[Exercise description] Out of the material that follows, write out exactly the lines from the line with "Bed in Nostos Apartments" to the line with "man isolated in", both ends included, and no others.
================================
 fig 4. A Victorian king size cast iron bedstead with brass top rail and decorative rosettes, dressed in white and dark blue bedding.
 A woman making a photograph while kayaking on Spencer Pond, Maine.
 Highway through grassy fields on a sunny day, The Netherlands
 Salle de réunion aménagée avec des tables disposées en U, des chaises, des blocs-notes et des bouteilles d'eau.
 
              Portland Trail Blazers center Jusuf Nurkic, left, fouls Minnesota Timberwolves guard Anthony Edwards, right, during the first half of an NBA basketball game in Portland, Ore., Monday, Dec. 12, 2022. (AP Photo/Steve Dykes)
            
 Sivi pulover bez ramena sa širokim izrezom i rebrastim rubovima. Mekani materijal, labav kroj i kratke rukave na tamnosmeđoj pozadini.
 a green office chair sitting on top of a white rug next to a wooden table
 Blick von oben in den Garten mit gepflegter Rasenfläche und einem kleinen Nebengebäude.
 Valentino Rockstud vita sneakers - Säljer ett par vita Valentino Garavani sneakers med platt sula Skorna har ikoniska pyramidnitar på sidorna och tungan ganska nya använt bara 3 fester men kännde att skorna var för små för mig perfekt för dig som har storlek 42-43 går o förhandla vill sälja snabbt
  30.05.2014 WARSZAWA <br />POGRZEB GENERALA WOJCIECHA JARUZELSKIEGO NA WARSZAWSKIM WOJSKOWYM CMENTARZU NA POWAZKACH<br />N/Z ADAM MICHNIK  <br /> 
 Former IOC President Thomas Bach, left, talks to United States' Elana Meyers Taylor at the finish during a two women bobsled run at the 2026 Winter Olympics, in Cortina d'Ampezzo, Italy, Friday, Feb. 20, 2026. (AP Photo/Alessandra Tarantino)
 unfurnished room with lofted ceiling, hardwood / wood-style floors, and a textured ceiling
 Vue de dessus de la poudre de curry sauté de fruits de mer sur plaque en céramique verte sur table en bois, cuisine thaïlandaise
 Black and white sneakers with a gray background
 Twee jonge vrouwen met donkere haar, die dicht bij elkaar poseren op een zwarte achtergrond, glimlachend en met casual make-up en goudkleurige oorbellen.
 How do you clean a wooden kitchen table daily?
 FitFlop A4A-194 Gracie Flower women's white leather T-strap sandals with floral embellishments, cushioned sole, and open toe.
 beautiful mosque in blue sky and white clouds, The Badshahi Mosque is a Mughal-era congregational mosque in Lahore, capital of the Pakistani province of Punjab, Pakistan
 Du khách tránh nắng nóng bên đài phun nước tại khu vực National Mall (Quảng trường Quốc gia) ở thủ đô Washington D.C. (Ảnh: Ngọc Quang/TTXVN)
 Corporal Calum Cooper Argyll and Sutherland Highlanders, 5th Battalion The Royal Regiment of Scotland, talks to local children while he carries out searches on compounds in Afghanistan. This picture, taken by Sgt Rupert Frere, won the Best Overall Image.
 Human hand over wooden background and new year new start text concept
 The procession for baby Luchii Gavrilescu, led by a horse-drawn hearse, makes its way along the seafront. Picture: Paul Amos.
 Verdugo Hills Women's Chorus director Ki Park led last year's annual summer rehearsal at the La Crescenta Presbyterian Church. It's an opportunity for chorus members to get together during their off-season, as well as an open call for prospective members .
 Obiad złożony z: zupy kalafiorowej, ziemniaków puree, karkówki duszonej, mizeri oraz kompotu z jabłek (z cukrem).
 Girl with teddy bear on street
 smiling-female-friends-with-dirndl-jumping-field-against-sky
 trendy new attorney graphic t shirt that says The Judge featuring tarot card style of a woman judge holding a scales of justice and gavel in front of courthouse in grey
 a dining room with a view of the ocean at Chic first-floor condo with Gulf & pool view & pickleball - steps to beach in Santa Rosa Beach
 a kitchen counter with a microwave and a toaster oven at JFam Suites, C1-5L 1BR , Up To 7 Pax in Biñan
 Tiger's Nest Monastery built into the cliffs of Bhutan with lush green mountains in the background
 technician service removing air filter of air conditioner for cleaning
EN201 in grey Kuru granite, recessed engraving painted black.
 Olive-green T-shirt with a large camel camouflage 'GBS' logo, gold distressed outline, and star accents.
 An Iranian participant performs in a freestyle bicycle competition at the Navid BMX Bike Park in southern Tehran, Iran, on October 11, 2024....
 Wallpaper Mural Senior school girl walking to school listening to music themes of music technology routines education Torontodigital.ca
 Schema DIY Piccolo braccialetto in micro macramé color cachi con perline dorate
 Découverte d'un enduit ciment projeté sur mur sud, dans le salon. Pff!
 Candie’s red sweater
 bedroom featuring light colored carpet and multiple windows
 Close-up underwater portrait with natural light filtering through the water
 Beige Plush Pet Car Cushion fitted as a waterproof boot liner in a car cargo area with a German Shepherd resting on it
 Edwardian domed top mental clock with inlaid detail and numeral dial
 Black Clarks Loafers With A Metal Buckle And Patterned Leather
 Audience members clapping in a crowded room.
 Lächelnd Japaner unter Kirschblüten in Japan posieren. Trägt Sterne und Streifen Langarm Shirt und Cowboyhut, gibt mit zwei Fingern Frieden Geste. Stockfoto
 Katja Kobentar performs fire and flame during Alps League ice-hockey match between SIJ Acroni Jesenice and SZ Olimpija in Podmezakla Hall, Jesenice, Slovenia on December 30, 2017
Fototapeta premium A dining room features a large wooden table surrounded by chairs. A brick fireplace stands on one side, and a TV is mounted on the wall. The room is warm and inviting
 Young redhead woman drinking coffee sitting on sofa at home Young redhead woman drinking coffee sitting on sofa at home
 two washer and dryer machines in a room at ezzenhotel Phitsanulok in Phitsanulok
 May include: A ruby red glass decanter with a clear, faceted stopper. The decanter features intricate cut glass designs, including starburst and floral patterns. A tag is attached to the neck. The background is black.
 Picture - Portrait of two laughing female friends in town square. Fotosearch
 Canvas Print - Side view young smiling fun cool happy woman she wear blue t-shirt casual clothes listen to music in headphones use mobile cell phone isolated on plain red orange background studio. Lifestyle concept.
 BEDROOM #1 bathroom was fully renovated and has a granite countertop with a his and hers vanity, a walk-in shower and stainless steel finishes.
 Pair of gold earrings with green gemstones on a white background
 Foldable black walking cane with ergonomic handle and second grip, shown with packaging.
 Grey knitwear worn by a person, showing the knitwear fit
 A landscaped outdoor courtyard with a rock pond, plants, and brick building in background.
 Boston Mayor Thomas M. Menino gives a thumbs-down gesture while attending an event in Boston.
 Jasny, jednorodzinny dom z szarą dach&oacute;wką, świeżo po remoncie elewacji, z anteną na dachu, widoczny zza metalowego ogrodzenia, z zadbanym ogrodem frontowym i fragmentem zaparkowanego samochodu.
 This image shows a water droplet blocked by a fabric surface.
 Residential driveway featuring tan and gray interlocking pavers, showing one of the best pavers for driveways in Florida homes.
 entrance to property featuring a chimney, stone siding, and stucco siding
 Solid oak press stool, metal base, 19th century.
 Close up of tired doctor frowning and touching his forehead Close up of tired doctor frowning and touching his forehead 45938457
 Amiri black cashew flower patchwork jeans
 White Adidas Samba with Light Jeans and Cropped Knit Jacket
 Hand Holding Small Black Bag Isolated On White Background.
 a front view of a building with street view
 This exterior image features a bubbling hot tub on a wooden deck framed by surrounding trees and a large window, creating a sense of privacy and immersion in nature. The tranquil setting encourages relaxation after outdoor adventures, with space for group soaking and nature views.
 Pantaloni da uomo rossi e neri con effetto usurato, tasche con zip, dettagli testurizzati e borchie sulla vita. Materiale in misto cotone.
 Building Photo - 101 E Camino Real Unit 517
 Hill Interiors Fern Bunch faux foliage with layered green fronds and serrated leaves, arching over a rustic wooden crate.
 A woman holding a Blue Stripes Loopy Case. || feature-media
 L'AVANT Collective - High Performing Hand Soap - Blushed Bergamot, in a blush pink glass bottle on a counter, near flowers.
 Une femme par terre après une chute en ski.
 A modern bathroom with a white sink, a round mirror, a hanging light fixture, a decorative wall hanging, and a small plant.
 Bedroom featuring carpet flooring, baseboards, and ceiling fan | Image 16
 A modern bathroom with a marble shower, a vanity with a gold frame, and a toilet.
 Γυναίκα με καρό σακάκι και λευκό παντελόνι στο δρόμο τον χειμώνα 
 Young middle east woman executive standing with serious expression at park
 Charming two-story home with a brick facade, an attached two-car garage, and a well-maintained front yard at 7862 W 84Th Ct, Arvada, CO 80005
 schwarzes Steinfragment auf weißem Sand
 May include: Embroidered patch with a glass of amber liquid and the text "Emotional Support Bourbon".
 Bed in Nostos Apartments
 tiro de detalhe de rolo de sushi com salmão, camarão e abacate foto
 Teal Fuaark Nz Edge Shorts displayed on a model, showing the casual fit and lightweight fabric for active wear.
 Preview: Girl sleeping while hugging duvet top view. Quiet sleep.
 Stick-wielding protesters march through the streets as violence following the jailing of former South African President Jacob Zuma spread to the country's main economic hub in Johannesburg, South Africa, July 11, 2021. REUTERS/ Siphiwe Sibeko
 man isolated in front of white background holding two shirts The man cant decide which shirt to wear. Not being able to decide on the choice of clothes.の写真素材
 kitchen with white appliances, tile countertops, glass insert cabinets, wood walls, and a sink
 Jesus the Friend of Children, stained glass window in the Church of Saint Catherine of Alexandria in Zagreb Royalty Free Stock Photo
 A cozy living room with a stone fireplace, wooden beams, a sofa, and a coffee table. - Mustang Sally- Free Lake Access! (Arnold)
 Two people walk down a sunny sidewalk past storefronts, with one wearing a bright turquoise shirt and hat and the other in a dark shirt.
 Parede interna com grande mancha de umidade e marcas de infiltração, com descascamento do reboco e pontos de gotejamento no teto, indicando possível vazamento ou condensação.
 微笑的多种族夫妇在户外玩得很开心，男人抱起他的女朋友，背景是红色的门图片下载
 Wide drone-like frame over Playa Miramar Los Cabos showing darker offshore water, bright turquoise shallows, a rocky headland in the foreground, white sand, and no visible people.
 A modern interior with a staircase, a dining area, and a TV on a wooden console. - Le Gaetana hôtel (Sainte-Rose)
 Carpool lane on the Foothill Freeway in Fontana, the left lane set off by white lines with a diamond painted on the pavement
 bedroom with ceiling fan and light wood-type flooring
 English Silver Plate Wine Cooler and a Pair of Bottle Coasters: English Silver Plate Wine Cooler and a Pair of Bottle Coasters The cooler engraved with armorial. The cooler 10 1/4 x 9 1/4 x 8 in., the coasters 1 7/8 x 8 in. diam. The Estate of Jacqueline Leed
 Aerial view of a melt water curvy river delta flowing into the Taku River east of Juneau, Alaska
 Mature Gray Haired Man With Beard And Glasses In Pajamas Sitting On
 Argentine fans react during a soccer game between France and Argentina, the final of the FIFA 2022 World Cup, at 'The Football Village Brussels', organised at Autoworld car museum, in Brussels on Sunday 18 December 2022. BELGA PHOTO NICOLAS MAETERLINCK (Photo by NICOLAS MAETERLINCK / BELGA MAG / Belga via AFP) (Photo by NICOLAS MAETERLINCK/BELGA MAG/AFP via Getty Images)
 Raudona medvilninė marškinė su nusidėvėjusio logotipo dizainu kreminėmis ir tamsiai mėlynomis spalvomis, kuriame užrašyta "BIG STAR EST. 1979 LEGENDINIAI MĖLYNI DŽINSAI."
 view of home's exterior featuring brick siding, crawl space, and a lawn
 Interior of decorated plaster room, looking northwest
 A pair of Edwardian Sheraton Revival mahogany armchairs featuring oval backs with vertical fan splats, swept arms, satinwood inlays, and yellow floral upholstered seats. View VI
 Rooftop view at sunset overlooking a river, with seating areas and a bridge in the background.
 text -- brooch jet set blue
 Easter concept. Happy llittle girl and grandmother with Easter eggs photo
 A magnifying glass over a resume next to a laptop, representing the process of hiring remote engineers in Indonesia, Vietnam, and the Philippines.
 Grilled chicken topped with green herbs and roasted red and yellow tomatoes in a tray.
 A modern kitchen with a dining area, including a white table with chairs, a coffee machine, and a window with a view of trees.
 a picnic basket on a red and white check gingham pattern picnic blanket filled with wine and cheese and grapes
================================
[Answer space]
 Bed in Nostos Apartments
 tiro de detalhe de rolo de sushi com salmão, camarão e abacate foto
 Teal Fuaark Nz Edge Shorts displayed on a model, showing the casual fit and lightweight fabric for active wear.
 Preview: Girl sleeping while hugging duvet top view. Quiet sleep.
 Stick-wielding protesters march through the streets as violence following the jailing of former South African President Jacob Zuma spread to the country's main economic hub in Johannesburg, South Africa, July 11, 2021. REUTERS/ Siphiwe Sibeko
 man isolated in front of white background holding two shirts The man cant decide which shirt to wear. Not being able to decide on the choice of clothes.の写真素材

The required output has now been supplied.